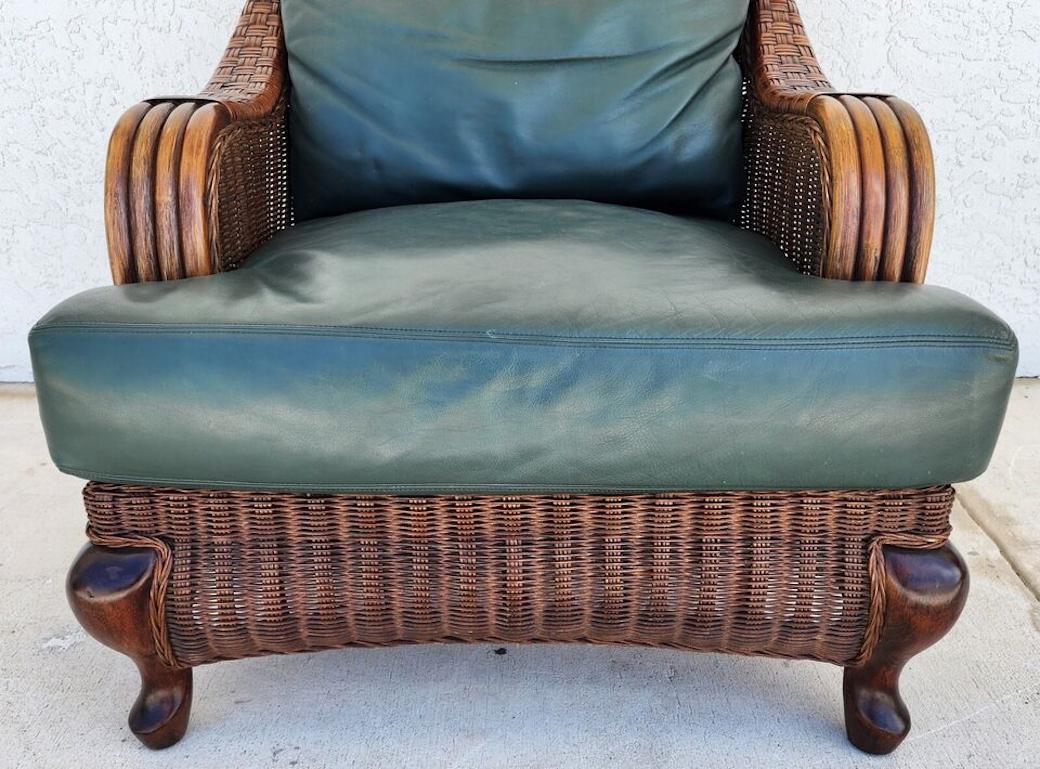 Bamboo Wicker Leather Lounge Armchair Vintage by Braxton Culler 5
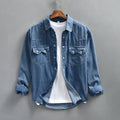 Chemise Western en Jean Homme Camargue – Chemise Denim Manches Longues à Pressions Nacrées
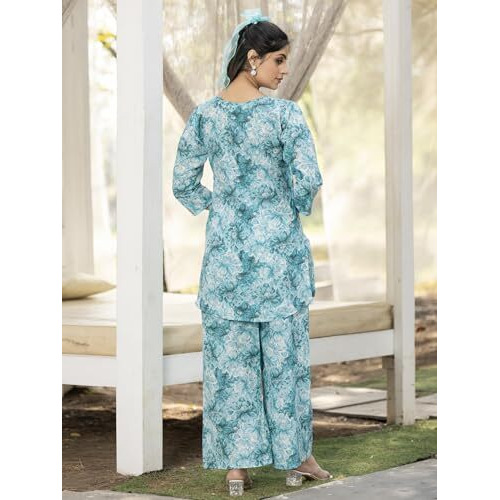 Pinkmint Women's Pure Cotton Co Ord Set L Flower Printed Co Ord Set L Stylish Pocket & 3/4 Sleeve Women Co-Ord Set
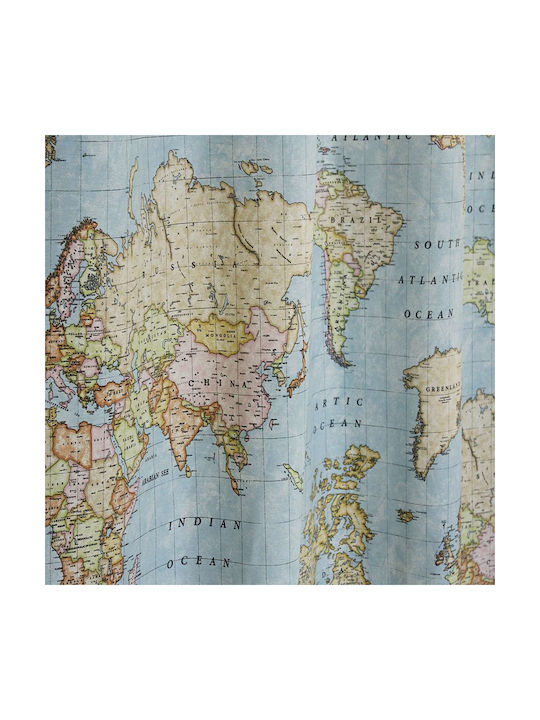 Decocraft Перде с Копчета Worldmap Син 140x240см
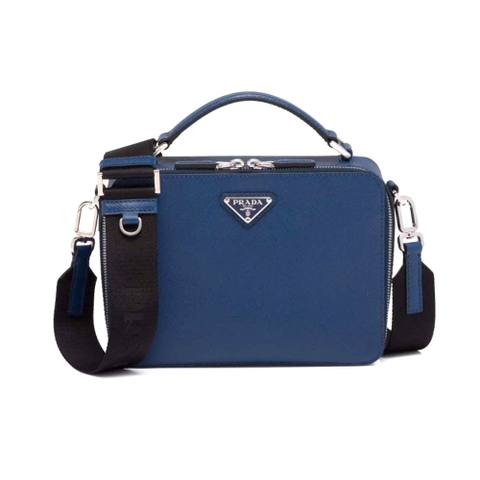 TÚI Prada Men Brique Saffiano Leather Bag-Navy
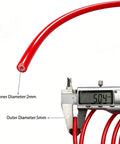 2500mm Hydraulic Brake Hose Kit for Bicycle With 2mm ID and 5mm OD Includes Brass Olives, caliper showing OD measurement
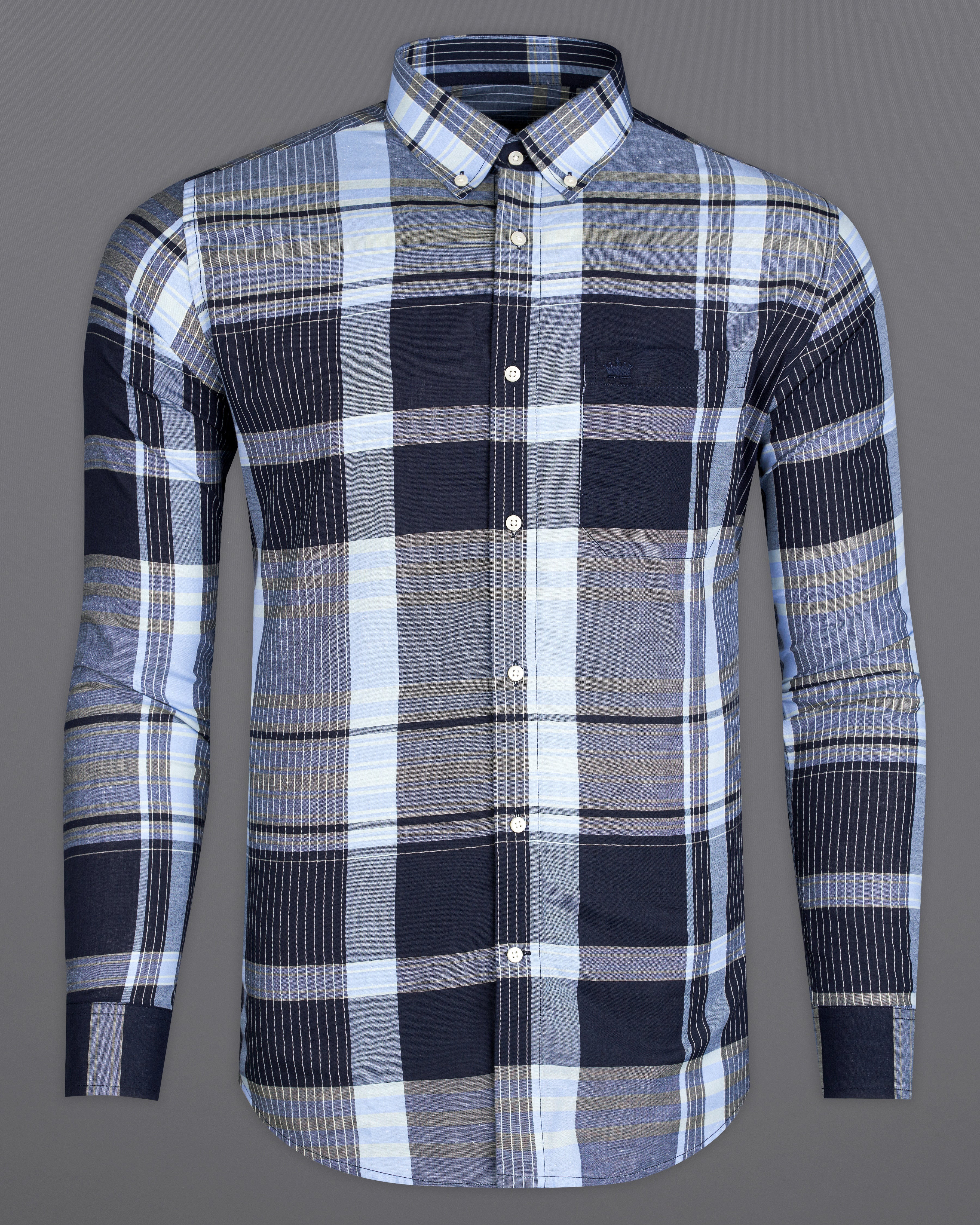 Mirage Blue with Periwinkle Blue and White Premium Cotton Shirt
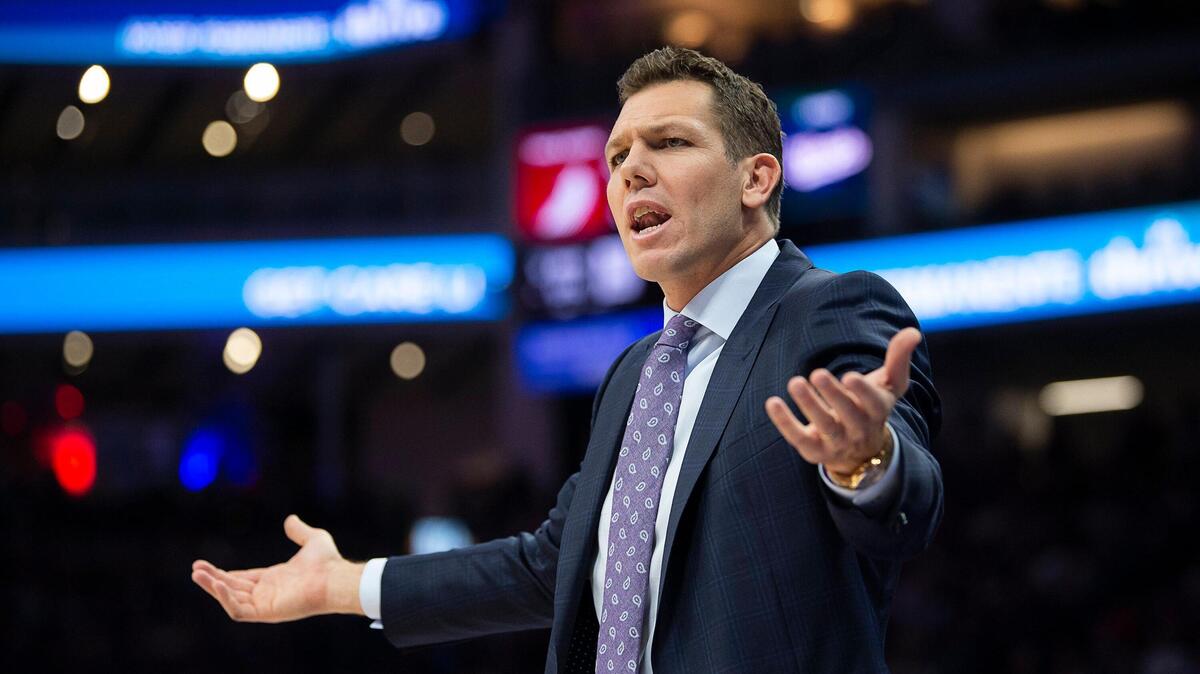 Sacramento Kings coach Luke Walton reacts to call during a game against the Portland Trail Blazers at the Golden 1 Center on Tuesday, November 12, 2019 in Sacramento.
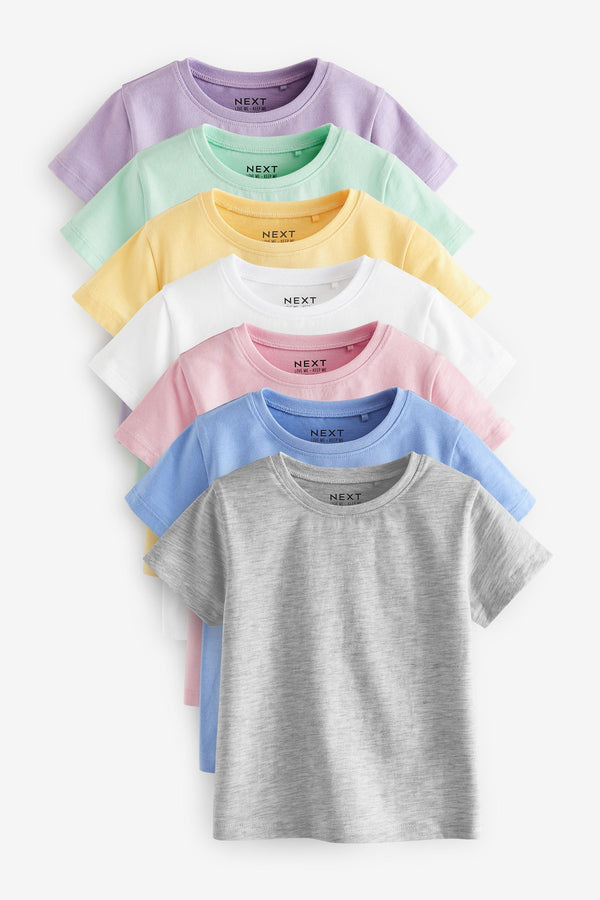 Multi Colour 100% Cotton Short Sleeve T-Shirts 7 Pack (3mths-7yrs)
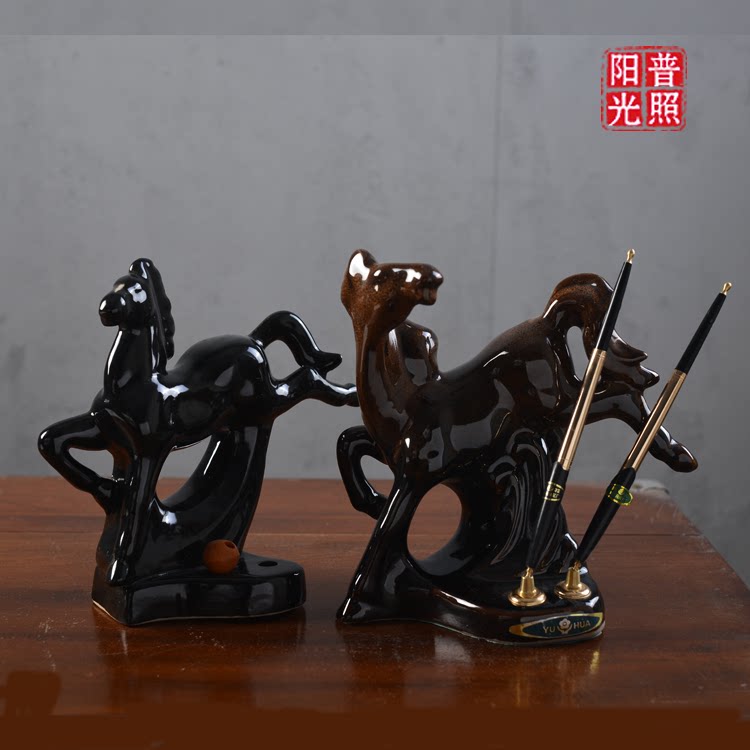 80 90年代南京牌怀旧收藏 绝版陶瓷台笔工艺摆件装饰笔筒陶瓷马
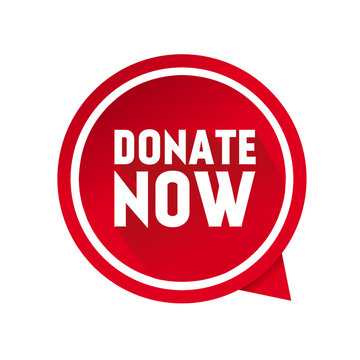 Donate now button. Donate Now Seal, Mark, Label Design. Vector illustration.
== == ==
## Task objective:
The lines to retype begin with the one containing "Multi Colour 100%" and end with the last line of the records. Reproduce them exactly and omit the pictures.

## Solution for this problem:
 Multi Colour 100% Cotton Short Sleeve T-Shirts 7 Pack (3mths-7yrs)
 80 90年代南京牌怀旧收藏 绝版陶瓷台笔工艺摆件装饰笔筒陶瓷马
 Donate now button. Donate Now Seal, Mark, Label Design. Vector illustration.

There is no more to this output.